Traditionally, December was a cold month, with frost, snow and often only small amounts of rain. The effects of climate change are leading us away from that weather and into new patterns – mostly mild and wet. In some more northerly parts of the country frost is still a threat to our more tender plants. If you have any still out and unprotected don’t waste any more time – get them into the greenhouse or protected with fleece or straw. Welcome the cold, frosty days when they do come along as a period of frost helps us gardeners by killing off unwanted bugs and also some weeds.
Use fine, dry days to carry out repairs to fences, paths and sheds. Cold, dry weather means less mud so maintenance jobs can be carried out easily and more speedily. Any tools that have not been cleaned and stored should be given attention now. Well-cared for tools last longer and stay sharp.
December also means Christmas and our thoughts turn to creating decorations. Our gardens are great hunting grounds for spectacular ingredients for natural decorations. Holly, Ivy, Mistletoe (if you are lucky) can all be harvested. You may also have cornus for lovely red stems, pine cones for a range of decorations and spruce or conifer branches. All these can be brought into the house and truly you can ‘deck the halls’.
If you have had stormy weather, spare some time to check your shrubs and trees in case there are broken branches. These should be removed with a clean cut to stop disease from entering the plant. Cuttings can be taken from roses and shrubs like forsythia. Also check your borders for damage. Clean up any fallen twigs from beds and borders now, before new growth in the spring makes it a much harder job. It is important to keep plants in good condition during the winter. Don’t allow fallen leaves to settle in the crown of any plant. This can lead to rot setting in.
One of the great joys of December is harvesting the crops you sowed earlier in the year. Dig up parsnips as you need them using a fork to prevent damage.
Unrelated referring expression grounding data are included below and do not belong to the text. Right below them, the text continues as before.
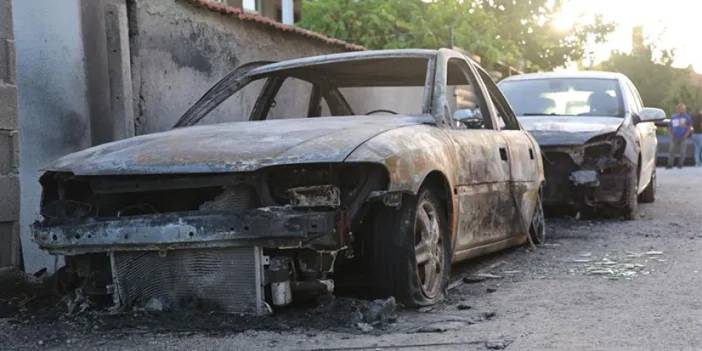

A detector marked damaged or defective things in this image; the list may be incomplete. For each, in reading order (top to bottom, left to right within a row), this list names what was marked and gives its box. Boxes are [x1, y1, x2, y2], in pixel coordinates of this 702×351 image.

burnt front bumper [33, 208, 340, 254]
crumpled front end [31, 164, 390, 314]
burned car [33, 48, 548, 314]
burnt car body [33, 48, 548, 314]
damaged silver car [33, 48, 548, 314]
charred tire [372, 188, 454, 306]
charred tire [532, 190, 552, 245]
burnt car body [500, 72, 664, 219]
damaged silver car [500, 72, 664, 219]
burned car [500, 72, 664, 220]
crumpled front end [540, 132, 636, 213]
charred tire [624, 166, 640, 220]
charred tire [640, 170, 656, 204]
Once cleaned the roots can be stored for up to two weeks if kept in a cool, dry place. Beetroot and carrots can be lifted as required. All root veg that is left in the ground until needed should be protected from hard frosts by a layer of straw.
Climbing roses and late-flowering varieties of clematis can be cut back in December. Tender shrubs can be protected with some straw piled up around the base of each plant. December is also a good month to move shrubs that are too big for their current positions. Make sure the ground is not frozen and that the weather is reasonably mild when you do move any shrubs. Also transfer the shrub with a good ball of soil around its roots.
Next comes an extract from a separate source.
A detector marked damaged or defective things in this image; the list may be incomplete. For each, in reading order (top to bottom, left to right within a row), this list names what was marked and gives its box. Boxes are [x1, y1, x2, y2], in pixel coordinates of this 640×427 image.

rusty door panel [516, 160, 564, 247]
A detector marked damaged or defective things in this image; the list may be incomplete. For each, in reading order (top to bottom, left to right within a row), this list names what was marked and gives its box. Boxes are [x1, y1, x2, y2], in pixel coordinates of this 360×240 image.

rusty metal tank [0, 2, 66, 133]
You can create a colourful display outside your front door quite easily and without too much expense. Use cyclamen planted close together in a container or winter flowering pansies. A small conifer or cornus can add height to the feature. Another way of bringing some colour into the garden is to plant up some hanging baskets. Pansies, cyclamen, ivy and primroses are ideal for a feature of this type. You might also be tempted to include some ‘Tete-a-Tete’ daffodils so you will have some colour later in the winter. It is still not too late to plant some tulips or daffodils. The flowers will appear on shorter stems when planted late, but that’s better than wasting leftover bulbs.
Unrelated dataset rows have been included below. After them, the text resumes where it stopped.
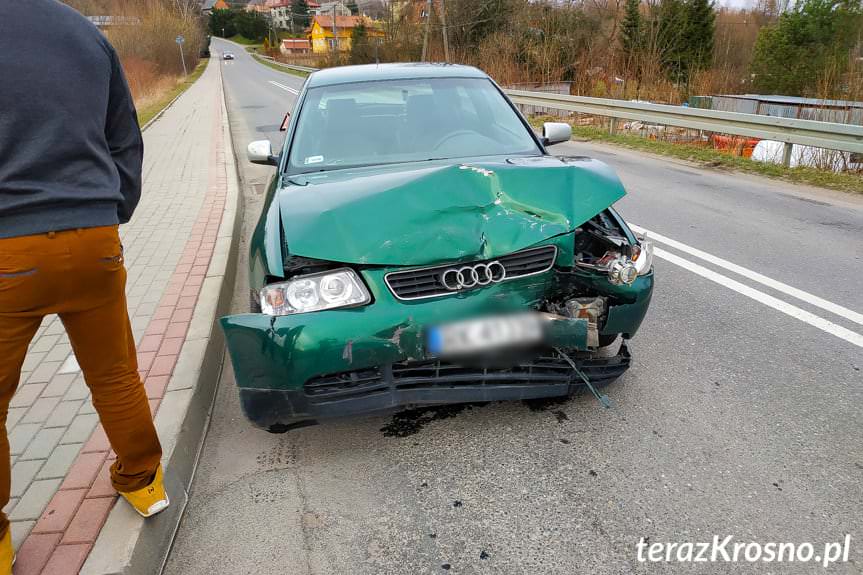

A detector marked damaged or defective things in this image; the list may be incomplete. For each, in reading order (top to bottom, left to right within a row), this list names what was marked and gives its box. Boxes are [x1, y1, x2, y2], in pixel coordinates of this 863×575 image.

broken headlight [262, 268, 372, 318]
damaged green audi [223, 64, 656, 432]
collision damage [223, 64, 656, 432]
crumpled hood [280, 156, 624, 266]
broken headlight [572, 213, 656, 284]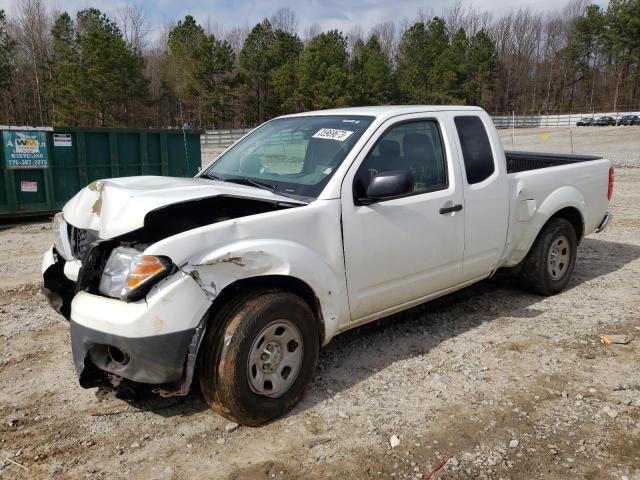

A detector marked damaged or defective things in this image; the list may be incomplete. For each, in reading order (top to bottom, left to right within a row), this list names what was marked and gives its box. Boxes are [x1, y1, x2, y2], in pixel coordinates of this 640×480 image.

broken headlight [52, 213, 73, 260]
crumpled hood [63, 175, 304, 239]
broken headlight [99, 248, 171, 300]
damaged front end [42, 178, 302, 396]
Autumn-sown sweet peas should be checked regularly. If they are getting a bit leggy, just pinch out the growing tips. This will encourage more shoots at the base of the plant. Sweet Peas can be sown in succession from now on.
December is a great month for mulching. The ground tends to be wetter and the mulch will trap that moisture and also keep down weeds. Gooseberries, red, white and black currants can all be propagated by taking cuttings now. Push one-third of the length of a healthy cutting into the soil then leave them a year before moving them to their final positions.
Think about next year by ordering seeds. Choose carefully with your own garden conditions in mind. Most of all, enjoy a restful Christmas and bountiful New Year!